Tailored Trades: Clothes, Labour and Professional Communities (1880-1939)

Thomas Hood’s poem Song of the Shirt was first published in Punch in 1843. Painting a glib portrait of the life of a garment worker the poem became a hit, inspiring its own popular song and painting.

With fingers weary and worn,
With eyelids heavy and red,
A woman sat in unwomanly rags,
Plying her needle and thread–

Stitch! stitch! stitch!
In poverty, hunger, and dirt,
And still with a voice of dolorous pitch,–
Would that its tone could reach the Rich!–
She sang this “Song of the Shirt!”

Hood’s final stanzas set the scene nicely for the topic of the Tailored Trades Research Network . Funded by the Arts and Humanities Research Council, it brings together researchers at the Universities of Exeter and Northumbria to investigate how clothes and labour influenced and assisted in the development of professional communities at the turn of the twentieth century (1880-1939). I have been on placement here at the People’s History Museum and was given the opportunity to research and develop a display to complement the event.
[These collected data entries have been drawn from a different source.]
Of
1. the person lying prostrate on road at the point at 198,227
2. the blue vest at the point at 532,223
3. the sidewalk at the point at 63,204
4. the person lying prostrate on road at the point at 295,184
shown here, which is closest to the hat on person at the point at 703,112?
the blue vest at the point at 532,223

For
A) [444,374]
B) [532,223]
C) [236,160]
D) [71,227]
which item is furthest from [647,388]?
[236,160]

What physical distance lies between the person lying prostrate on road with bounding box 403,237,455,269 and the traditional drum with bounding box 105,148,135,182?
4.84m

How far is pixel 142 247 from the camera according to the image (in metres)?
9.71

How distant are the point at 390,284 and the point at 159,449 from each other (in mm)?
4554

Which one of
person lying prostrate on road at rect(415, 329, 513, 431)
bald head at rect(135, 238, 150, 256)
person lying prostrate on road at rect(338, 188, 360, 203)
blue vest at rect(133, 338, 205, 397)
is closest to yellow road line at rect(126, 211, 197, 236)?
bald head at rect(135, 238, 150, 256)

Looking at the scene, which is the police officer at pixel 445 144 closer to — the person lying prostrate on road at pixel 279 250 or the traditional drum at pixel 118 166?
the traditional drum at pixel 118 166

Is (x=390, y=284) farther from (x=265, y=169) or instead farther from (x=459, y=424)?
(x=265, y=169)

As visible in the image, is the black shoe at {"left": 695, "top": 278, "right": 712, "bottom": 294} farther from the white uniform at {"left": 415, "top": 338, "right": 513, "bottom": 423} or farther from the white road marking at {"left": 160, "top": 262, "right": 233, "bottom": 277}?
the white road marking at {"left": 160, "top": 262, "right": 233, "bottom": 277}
When the sewing machine was widely introduced to the UK in the late 19th Century, it propelled the clothing industry into one of mass production. As Joan Perkin discusses, women faced the dilemma of wanting a machine, but at the same time, worrying it would mean the end of traditional handiwork. Piecework became a production line of tailors and tailoresses whose role was increasingly deskilled, becoming more repetitive and less specialist. Working from home was common in the tailored trades. Workers would often hire a sewing machine to finish ready-to-wear garments. Down the road from the museum Salford’s Working Class Movement Library contains a vast collection of publications from the National Union of Tailors and Garment Workers. This includes membership cards, magazines for union members and price lists for garments and piece work – as women would be paid by what they produced.

Some of the middleclass were ignorant of why women worked in tailored trades thinking that they were only doing it for ‘needle money’ to supplement their income. While this may have been the case in the 1930’s it was not true earlier in the century. A 1906 survey showed that more than half the women who were homeworkers were married to poorly paid husbands, and the rest were widowed with young children.
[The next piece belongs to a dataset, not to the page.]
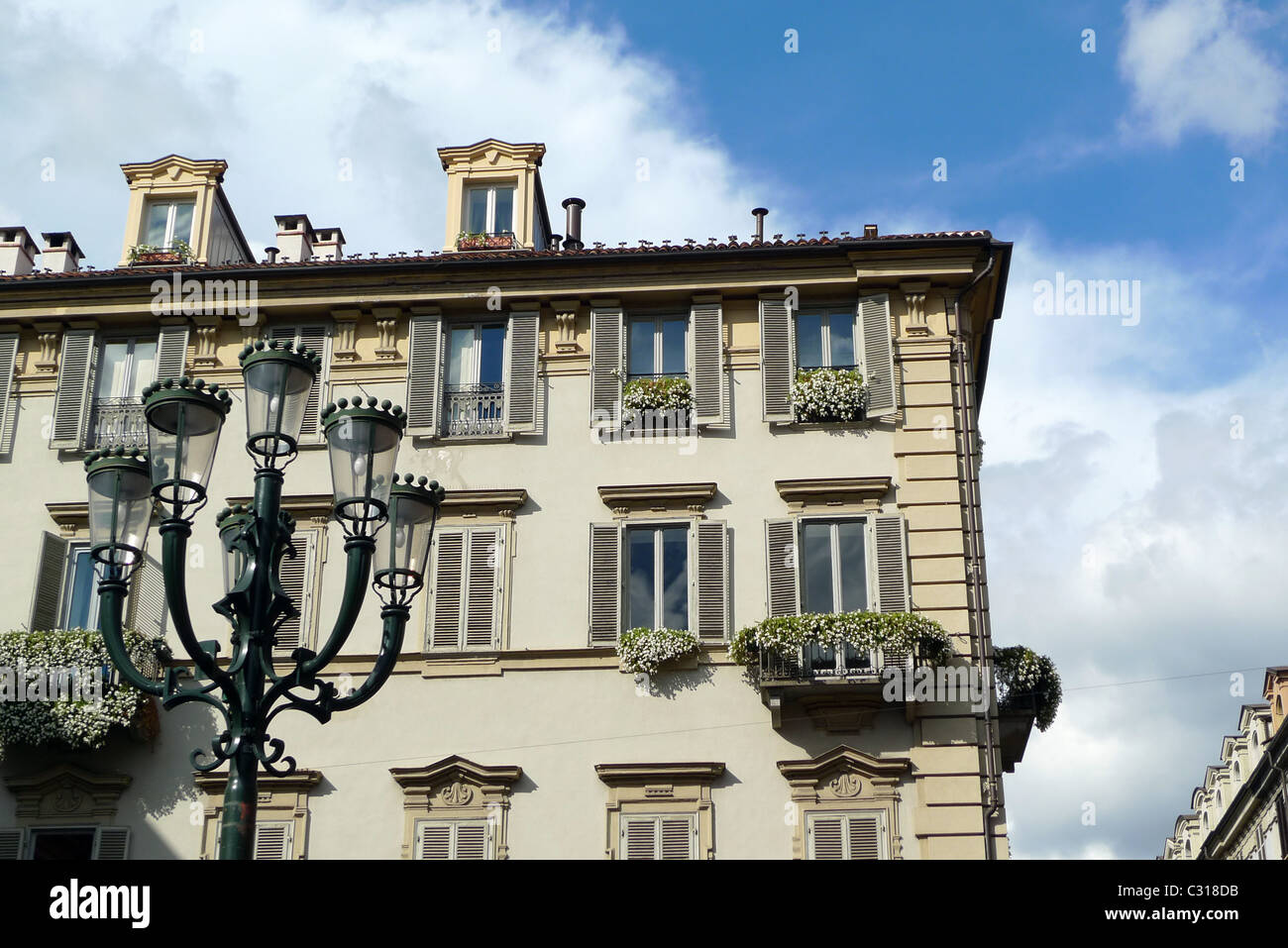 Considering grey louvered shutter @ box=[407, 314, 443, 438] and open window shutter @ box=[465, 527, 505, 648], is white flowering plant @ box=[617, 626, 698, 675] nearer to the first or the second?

Printed much earlier in Punch, Leech’s popular cartoon ‘Pin money, needle money’ contrasted the lives of those who had to conduct homework, and those who chose to.

‘Pin money, needle money’ (Leech, 1849) Images from Museum of London (http://www.museumoflondonprints.com/search/artist/6823/john-leech)

‘Pin money, needle money’ (Leech, 1849) Image from Museum of London (http://www.museumoflondonprints.com/search/artist/6823/john-leech)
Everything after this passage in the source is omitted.